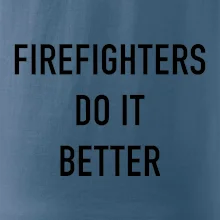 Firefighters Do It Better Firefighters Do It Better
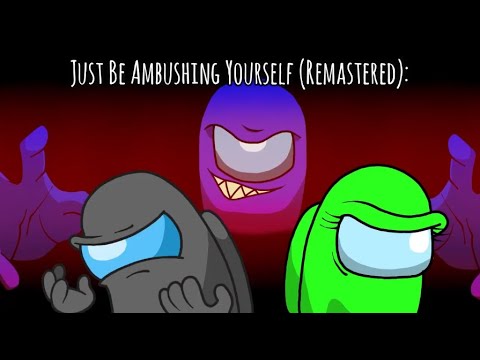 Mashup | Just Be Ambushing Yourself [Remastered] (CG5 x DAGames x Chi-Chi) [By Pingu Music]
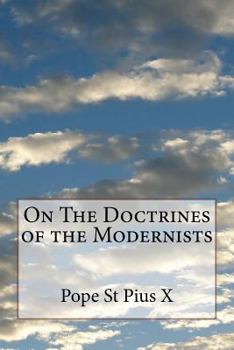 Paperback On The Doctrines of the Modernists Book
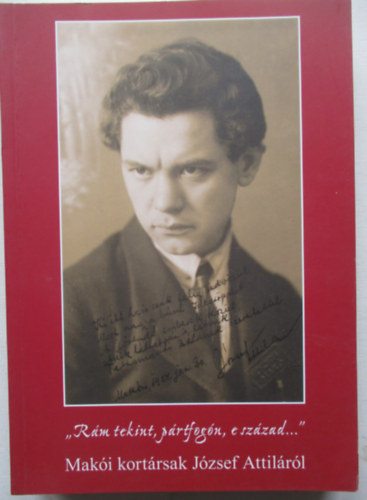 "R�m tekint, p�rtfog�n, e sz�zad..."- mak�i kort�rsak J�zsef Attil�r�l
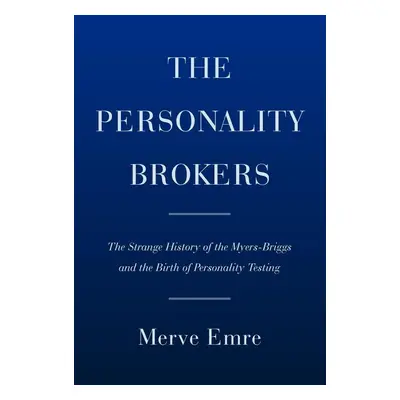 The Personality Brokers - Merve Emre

DESCRIPTION OF THE TASK
All of the listing is to be written out exactly, with the pictures left out.

EXERCISE RESPONSE
 Firefighters Do It Better Firefighters Do It Better
 Mashup | Just Be Ambushing Yourself [Remastered] (CG5 x DAGames x Chi-Chi) [By Pingu Music]
 Paperback On The Doctrines of the Modernists Book
 "R�m tekint, p�rtfog�n, e sz�zad..."- mak�i kort�rsak J�zsef Attil�r�l
 The Personality Brokers - Merve Emre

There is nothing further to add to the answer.